The placement of GCs in the enterprise has always been a much-debated issue. Some companies put a GC in every site, whereas others put multiple GCs in each site for redundancy. Compaq's strategy was to put GCs in poorly connected sites, in prime sites on the corporate backbone, and as few others as possible. The philosophy was to utilize the network bandwidth as much as possible. If the network bandwidth was sufficient between locations, Compaq would collect them into a single site with a single DC and GC, thus utilizing the network to reduce the need for GCs. For example, the entire country of Canada only had 2 sites, and enterprisewide, only about 80 sites were serving about 800 locations. Exchange 2000 caused GCs to be placed deeper in the structure than originally anticipated, since it is used for Exchange's Global Address List and is accessed frequently by users.

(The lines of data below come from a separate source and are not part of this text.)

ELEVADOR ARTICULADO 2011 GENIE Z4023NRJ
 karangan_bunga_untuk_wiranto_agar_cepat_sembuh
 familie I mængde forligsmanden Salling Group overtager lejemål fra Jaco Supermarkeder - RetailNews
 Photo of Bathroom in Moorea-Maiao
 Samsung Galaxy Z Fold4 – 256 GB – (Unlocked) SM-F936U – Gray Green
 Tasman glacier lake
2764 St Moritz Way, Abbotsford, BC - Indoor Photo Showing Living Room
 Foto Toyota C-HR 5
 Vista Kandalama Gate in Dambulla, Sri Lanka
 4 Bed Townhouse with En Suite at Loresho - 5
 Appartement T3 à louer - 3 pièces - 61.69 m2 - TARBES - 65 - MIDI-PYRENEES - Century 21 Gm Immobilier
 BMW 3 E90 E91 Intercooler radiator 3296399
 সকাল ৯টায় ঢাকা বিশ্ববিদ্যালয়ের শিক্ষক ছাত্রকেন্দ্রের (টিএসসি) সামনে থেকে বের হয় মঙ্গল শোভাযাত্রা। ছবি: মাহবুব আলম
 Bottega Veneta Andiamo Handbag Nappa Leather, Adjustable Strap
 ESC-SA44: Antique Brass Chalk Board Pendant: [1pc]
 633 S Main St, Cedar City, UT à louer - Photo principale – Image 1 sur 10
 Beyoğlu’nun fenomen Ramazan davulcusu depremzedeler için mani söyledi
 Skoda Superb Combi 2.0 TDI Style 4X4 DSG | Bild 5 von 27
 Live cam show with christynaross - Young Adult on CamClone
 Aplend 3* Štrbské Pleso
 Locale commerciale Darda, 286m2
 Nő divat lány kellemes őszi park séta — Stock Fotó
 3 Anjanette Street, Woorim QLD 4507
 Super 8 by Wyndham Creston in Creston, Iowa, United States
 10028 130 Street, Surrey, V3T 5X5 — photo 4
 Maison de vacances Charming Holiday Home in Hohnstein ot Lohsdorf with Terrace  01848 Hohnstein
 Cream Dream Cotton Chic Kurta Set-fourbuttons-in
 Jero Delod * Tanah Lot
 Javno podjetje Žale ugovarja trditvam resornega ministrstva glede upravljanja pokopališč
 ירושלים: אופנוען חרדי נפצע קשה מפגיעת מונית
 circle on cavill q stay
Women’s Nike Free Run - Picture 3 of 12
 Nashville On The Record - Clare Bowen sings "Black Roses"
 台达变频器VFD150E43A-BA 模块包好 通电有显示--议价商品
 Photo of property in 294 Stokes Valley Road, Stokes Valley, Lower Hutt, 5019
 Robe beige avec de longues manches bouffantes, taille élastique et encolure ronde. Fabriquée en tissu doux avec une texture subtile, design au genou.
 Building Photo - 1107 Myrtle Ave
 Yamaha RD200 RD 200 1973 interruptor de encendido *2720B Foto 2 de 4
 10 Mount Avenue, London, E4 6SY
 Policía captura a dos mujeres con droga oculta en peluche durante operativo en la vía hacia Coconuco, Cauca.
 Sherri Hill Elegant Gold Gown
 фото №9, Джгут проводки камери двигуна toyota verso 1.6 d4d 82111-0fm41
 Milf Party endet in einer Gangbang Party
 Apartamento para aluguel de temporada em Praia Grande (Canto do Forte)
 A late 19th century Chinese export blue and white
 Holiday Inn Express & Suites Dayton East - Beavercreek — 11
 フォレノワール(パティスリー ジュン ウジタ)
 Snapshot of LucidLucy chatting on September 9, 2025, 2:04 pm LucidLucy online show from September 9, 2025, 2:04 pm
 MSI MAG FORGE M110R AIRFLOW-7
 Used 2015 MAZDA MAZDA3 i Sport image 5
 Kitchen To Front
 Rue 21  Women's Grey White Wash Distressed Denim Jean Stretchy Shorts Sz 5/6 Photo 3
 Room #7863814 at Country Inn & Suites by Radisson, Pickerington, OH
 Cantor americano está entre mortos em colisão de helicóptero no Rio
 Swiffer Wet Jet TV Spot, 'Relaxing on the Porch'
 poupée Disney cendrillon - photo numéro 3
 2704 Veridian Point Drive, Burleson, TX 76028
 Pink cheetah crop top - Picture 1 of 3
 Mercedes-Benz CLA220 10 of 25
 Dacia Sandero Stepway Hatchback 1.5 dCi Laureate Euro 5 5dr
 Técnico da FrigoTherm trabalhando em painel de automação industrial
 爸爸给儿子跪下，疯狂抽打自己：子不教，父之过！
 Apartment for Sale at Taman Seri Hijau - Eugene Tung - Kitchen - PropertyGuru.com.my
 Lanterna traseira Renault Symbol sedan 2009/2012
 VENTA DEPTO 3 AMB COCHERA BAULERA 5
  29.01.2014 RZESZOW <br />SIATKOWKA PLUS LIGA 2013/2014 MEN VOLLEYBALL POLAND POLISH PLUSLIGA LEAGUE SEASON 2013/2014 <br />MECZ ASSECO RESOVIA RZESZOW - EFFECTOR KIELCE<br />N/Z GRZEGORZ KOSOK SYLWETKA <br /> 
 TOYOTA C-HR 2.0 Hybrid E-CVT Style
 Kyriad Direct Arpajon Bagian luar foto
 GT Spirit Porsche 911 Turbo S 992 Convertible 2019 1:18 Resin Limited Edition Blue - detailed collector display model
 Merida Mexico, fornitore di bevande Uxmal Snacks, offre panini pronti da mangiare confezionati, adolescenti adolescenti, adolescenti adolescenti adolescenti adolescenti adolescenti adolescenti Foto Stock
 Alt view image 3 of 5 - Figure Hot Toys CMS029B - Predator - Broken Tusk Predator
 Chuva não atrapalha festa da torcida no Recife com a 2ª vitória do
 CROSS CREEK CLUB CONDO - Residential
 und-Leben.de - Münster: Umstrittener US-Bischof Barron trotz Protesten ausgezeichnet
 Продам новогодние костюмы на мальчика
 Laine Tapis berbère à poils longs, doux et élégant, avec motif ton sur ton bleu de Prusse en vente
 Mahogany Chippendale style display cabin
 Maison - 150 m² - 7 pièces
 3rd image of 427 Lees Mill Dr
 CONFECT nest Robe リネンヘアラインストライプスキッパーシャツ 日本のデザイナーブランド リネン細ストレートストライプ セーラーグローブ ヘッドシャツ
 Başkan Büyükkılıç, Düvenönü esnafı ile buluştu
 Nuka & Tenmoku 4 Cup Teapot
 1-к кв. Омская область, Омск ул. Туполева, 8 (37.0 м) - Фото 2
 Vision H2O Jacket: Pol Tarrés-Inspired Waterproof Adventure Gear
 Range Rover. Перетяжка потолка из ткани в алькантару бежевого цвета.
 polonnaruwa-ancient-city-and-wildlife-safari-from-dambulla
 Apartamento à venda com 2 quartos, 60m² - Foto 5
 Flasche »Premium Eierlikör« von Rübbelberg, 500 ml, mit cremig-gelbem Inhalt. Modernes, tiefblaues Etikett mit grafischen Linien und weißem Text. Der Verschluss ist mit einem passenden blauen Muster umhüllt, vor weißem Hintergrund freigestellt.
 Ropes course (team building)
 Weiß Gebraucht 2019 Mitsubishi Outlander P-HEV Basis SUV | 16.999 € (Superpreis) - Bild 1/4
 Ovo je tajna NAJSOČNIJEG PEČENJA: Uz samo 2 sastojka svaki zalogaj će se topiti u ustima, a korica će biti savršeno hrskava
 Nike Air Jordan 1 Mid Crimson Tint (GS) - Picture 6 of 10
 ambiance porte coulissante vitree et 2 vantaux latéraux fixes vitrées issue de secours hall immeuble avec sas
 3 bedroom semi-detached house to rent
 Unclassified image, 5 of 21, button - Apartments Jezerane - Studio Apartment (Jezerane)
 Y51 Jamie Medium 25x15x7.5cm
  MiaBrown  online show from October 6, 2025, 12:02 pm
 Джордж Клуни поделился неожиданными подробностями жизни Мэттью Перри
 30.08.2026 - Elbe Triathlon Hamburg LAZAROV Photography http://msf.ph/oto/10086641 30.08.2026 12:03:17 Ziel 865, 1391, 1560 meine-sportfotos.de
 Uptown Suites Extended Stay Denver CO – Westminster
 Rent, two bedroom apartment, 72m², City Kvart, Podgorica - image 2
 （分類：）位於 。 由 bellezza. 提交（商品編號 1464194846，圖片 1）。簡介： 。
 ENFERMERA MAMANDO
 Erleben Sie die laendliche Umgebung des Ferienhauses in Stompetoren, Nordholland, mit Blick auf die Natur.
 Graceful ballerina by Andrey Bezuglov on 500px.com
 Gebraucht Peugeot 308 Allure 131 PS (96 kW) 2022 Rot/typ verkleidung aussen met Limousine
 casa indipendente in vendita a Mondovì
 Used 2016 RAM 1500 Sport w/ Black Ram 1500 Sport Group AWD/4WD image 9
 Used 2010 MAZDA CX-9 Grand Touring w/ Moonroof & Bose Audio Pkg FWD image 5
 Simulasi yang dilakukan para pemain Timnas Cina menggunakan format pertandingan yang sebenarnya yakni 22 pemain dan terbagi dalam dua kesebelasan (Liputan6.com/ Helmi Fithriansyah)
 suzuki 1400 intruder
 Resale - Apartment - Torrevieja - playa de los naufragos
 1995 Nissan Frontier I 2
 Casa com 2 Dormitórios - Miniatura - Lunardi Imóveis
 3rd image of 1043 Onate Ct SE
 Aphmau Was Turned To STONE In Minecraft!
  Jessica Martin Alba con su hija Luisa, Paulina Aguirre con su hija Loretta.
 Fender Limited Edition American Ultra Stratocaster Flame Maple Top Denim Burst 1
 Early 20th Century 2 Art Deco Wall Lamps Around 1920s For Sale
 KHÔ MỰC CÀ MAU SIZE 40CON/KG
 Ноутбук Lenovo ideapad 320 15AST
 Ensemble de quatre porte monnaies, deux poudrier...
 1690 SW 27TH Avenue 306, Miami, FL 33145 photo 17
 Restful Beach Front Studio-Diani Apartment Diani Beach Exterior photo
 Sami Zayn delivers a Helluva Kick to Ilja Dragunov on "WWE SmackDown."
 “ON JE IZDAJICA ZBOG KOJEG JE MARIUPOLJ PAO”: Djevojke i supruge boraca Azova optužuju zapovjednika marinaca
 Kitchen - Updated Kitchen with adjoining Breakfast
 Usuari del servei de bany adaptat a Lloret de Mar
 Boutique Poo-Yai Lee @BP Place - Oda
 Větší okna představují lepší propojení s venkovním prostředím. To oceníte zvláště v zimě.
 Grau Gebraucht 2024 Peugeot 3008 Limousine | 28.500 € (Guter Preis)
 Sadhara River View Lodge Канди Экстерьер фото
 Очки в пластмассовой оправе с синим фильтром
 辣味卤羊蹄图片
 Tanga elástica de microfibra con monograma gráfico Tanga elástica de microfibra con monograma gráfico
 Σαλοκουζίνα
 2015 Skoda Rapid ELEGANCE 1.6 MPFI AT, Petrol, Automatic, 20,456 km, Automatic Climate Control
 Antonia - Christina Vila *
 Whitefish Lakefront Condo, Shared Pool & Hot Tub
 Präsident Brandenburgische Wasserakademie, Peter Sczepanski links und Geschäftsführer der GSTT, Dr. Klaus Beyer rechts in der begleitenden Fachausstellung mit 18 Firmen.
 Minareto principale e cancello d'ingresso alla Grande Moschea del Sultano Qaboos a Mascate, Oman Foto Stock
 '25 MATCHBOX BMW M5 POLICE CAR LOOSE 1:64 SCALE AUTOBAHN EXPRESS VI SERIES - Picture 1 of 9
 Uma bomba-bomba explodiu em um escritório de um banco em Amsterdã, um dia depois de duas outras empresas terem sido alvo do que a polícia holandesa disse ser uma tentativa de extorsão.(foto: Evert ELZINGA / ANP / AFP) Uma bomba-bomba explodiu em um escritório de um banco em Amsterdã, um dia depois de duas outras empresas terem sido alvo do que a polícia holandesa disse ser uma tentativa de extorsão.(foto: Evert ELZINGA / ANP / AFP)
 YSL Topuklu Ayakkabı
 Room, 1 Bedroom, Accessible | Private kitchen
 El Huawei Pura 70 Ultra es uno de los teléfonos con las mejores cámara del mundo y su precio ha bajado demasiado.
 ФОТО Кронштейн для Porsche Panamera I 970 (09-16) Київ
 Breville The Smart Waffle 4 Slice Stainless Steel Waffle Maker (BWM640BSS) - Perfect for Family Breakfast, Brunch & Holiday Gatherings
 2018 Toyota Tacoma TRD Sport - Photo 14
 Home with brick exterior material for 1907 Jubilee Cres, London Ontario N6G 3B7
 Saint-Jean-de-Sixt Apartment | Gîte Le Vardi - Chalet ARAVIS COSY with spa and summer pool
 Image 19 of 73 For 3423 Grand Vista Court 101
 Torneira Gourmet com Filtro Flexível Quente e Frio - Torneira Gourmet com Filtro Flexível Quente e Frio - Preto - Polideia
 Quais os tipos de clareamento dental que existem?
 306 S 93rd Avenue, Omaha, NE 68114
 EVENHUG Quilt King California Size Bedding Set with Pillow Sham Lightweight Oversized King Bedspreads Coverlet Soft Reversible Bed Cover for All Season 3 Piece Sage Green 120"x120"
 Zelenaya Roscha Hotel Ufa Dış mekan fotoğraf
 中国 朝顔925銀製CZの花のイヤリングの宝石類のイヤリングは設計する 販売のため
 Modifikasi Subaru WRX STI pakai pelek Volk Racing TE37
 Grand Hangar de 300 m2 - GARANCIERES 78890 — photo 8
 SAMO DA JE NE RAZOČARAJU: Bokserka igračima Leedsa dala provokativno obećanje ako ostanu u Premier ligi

The key to GC placement is a good understanding of the GC functions and how they fit in your computing infrastructure. In the early days of Windows 2000, customers complained that the GC authentication required them to place GCs in small, remote sites to ensure authentication capability. Microsoft provided a Registry key (see Microsoft KB 241789, "How to Disable the Requirement that a GC Server Be Available to Validate User Logons") that turned this feature off, but warned that disabling this feature and using universal groups would cause a potential security hole. To mitigate this issue, Microsoft provided the Universal Group Membership Caching feature or Global Catalog Caching feature in Windows Server 2003 (described in Chapter 1). This allows DCs to contact a GC on behalf of a user, obtain the user's universal group membership, and cache it locally so the user can log on if a GC is not available. This is done on a site-by-site basis, allowing you to apply it on poorly connected sites that have a DC, but no GC. This feature makes a big difference in deploying GCs. Now you can enable GC Caching at a site until the population grows enough to justify a GC.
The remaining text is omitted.